- [PROBLEM TO SOLVE] Every line of the listing below should be written out exactly, minus its pictures.

- [INFORMATION SUPPLIED]
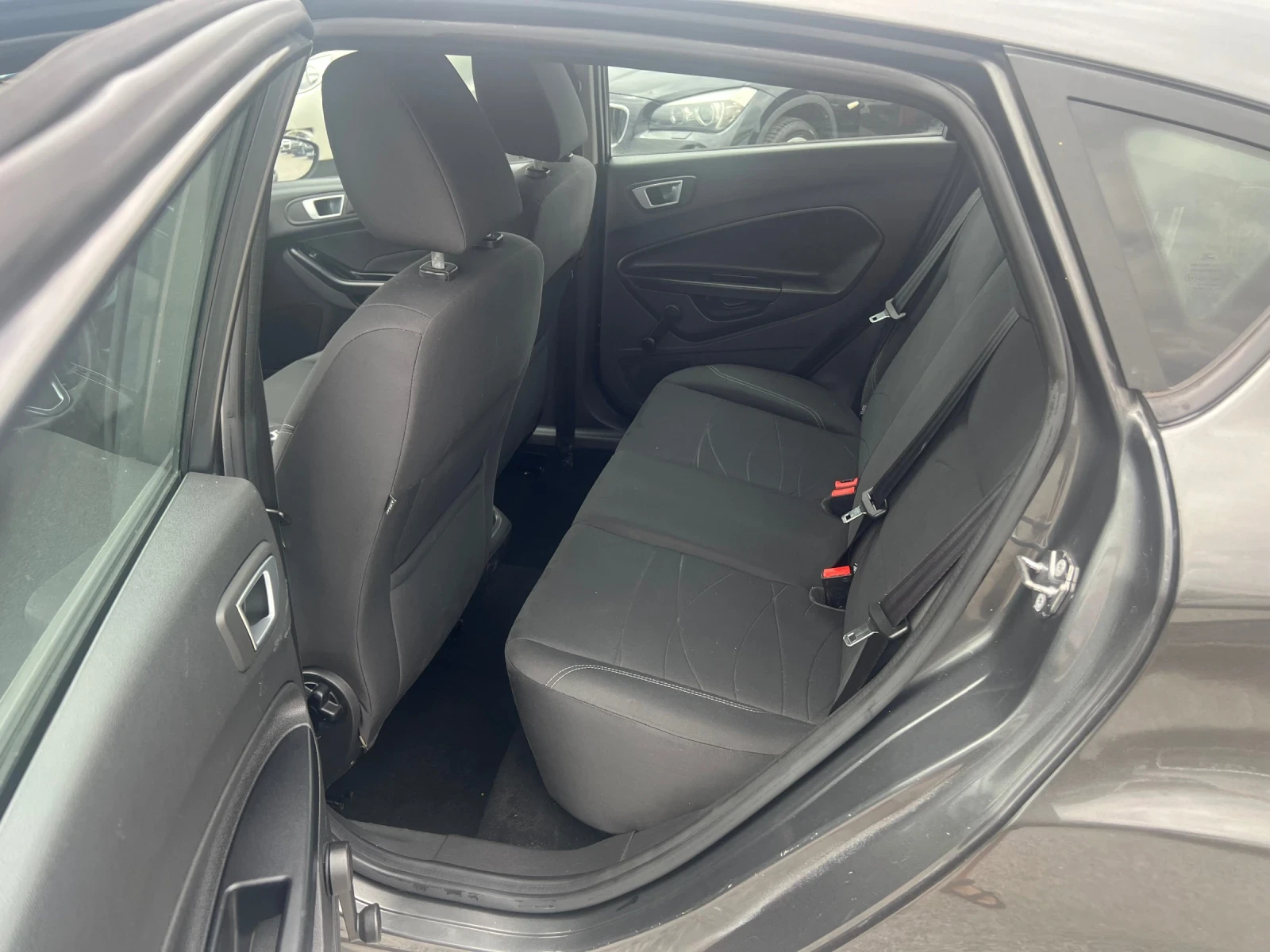 Ford Fiesta 1.5tdci EURO6 - изображение 9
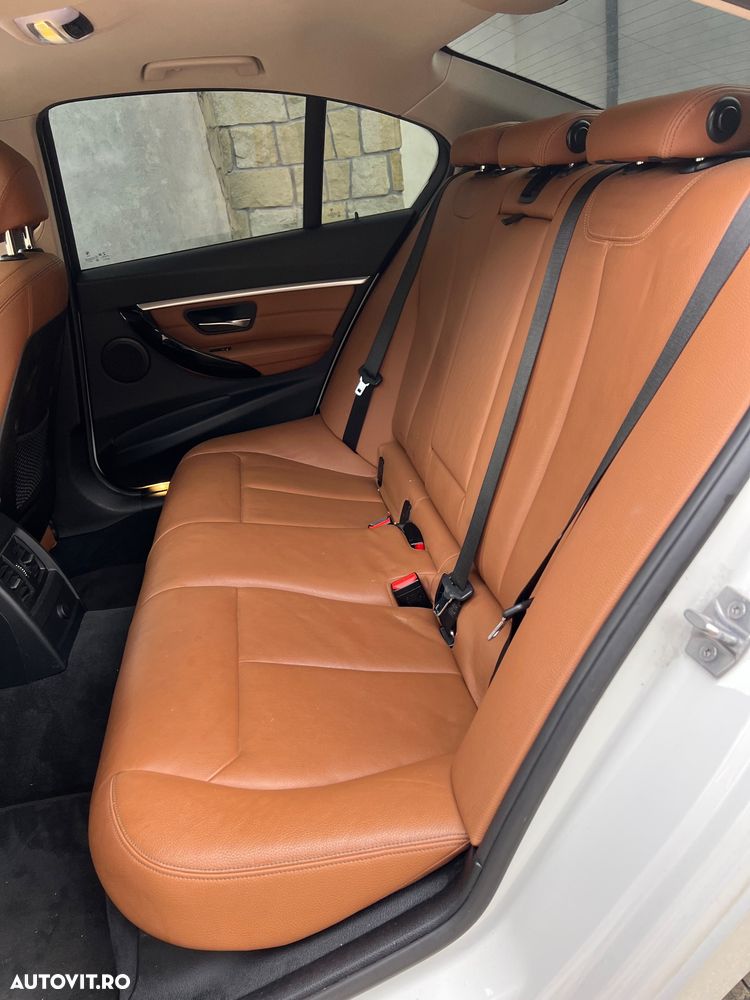 BMW Seria 3 318d Edition Luxury Line Purity - 32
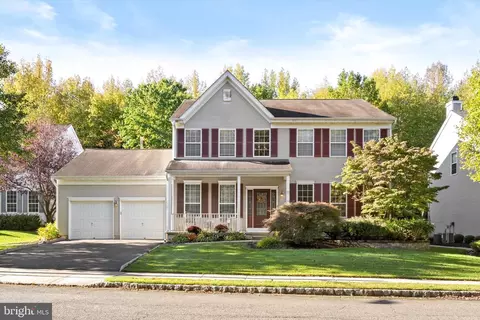15 Gaskin Dr, Burlington, NJ 08016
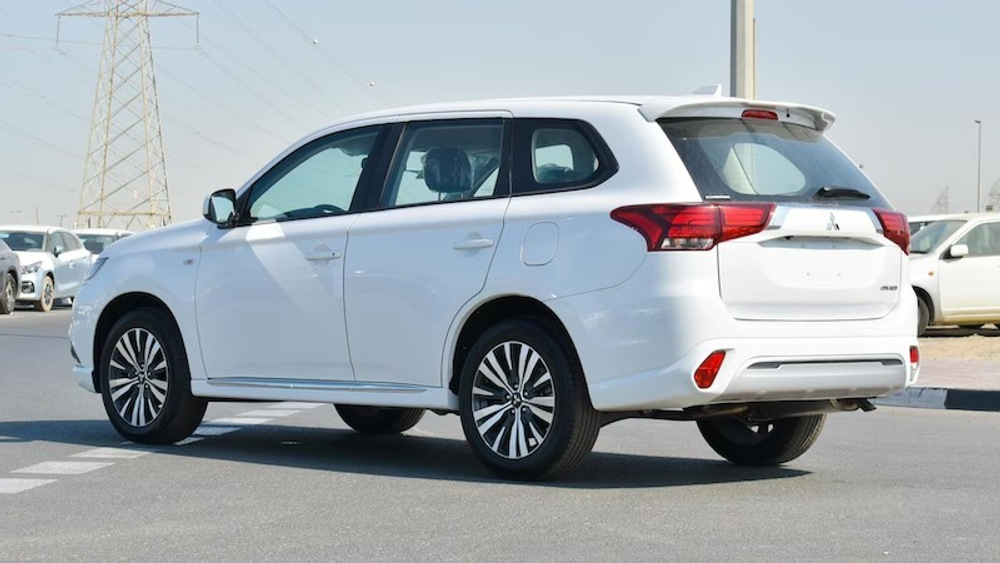 Помощь в покупке под ключ Mitsubishi Outlander Sport Plus 2022 FOR EXPORT LOCAL| 2WD A/T |Petrol | White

- [RESPONSE TO THE EXERCISE]
 Ford Fiesta 1.5tdci EURO6 - изображение 9
 BMW Seria 3 318d Edition Luxury Line Purity - 32
15 Gaskin Dr, Burlington, NJ 08016
 Помощь в покупке под ключ Mitsubishi Outlander Sport Plus 2022 FOR EXPORT LOCAL| 2WD A/T |Petrol | White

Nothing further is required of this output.